The revolution in Ukraine had been triggered by a century-long conflict regarding its relationship to Russia. Ukraine, although autonomous, has a history of having very close ties to Russia. However, in recent years, Ukraine has become split between those who want to firmly establish themselves as a sovereign state and those who wish to remain under the influence of Russia. Yanukvocyh’s decision to back out of the EU agreement had been prompted by the fear of displeasing Russia. Russia is Ukraine’s largest trading partner. Russian President Putin had threatened to implement trade sanctions had Ukraine went ahead with the EU agreement.

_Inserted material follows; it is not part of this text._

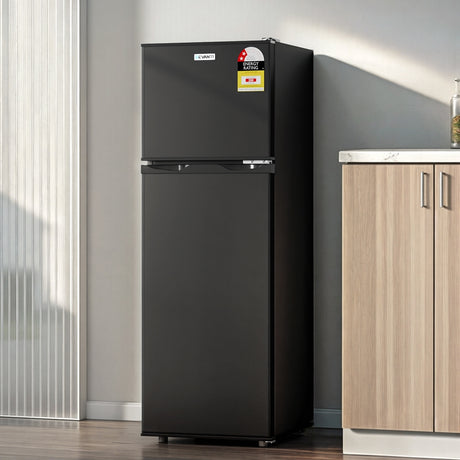 Dimension diagram of the 122 L two door black bar fridge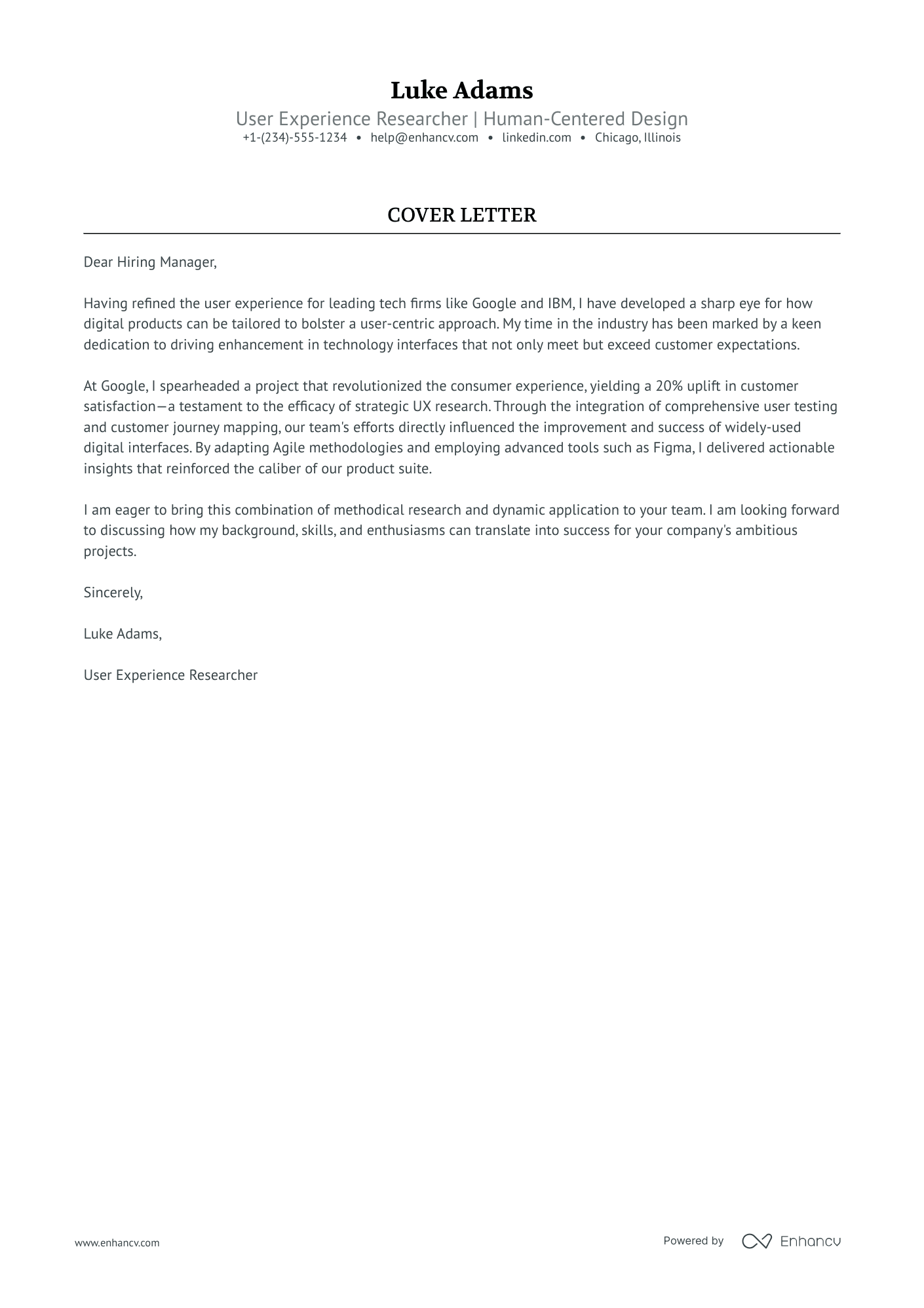 User Researcher Resume Example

Currently, the major issue in the Ukrainian conflict with Russia lies in the Crimean peninsula in Southern Ukraine. Despite being a part of Ukraine, Crimea is a bustling hub of pro-Russian sentiment. The region has about 2.3 million people, a majority of whom identify themselves as ethnic Russians and speak the Russian language. In the 2010 presidential election, many of the people living in Crimea had voted for the presently ousted Yanukovych. Although the region still remains legally part of Ukraine, Crimea is an autonomous republic within Ukraine, and elects its own parliament with the approval of the city government of Kiev. However, the protests had led to the appointment of pro-Russian leader, Sergei Aksyonov. Not only was this done without the approval of Kiev, but also Aksyonov has now asked Putin to help ensure peace in Crimea. Furthermore, discussions have begun regarding the succession of Crimea from Ukraine.

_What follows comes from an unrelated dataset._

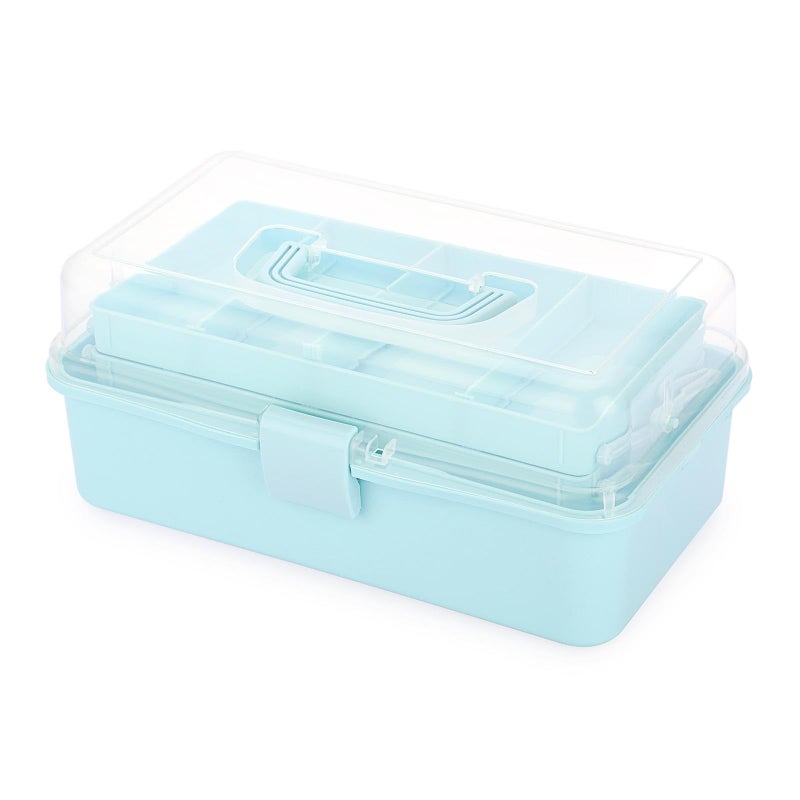 BTSKY 3-Layer Plastic Dividing Storage Box Craft Organizer and Storage with Adjustable Spacers Portable Handled Art Supply Organizer Multipurpose Home Utility Box for Medicine, Sewing(Blue) - Image 4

Over 11,000 soldiers loyal to Russia have since taken control of the peninsula and blockaded Ukrainian bases. However, Putin has claimed that he had no role in sending these forces into Ukraine. Russia has a major naval base located in Sevastopol, where its Black Sea fleet is based. Under the terms of the lease, the Ukrainian government must authorize any movement made by Russian troops outside of the base. Recent reports state that Russian envoys had been sighted distributing Russian passports in the Crimean region. Russia defended this action by citing its defense laws, which allow military action overseas to “protect Russian citizens.” From the beginning of its occupation, Crimea began to express its desire to become a part of the country of Russia once again, and split from Ukraine.
On Tuesday, March 18, Russia annexed Crimea. In Crimea, countless celebrations swept across the region. The celebrations were overshadowed by the murder of a Ukrainian lieutenant, who had been fatally shot during one of these celebrations. Russian president Putin compared the annexation to an independence declaration of Kosovo in 2008 and the reunification of Germany is 1990. However, this is the first time that a European nation has seized territory from another since World War II. Crimea is our common legacy,” Putin said. “It can only be Russian today.”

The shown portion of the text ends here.